* _What to produce_:
Nothing outside the range is wanted. Repeat exactly the lines below from the one with "Bathroom with vanity and toilet" through the one with "Artisan-made Mahakala pendant".

* _Dataset content_:
◆ ◆ ◆

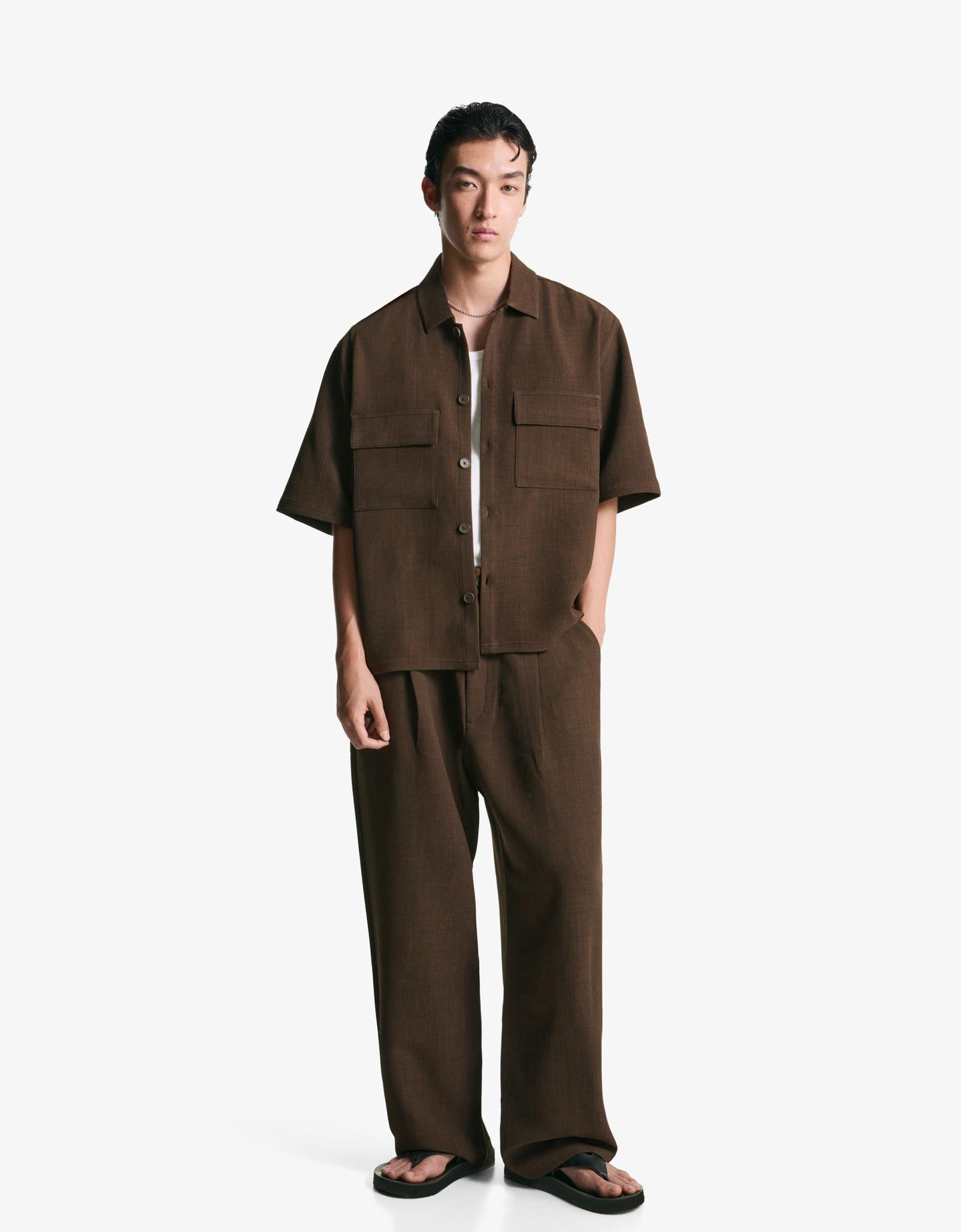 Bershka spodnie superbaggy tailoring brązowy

◆ ◆ ◆

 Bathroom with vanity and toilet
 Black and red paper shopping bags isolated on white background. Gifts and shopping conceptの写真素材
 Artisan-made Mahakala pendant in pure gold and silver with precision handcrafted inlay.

◆ ◆ ◆

* _Answer section_:
 Bathroom with vanity and toilet
 Black and red paper shopping bags isolated on white background. Gifts and shopping conceptの写真素材
 Artisan-made Mahakala pendant in pure gold and silver with precision handcrafted inlay.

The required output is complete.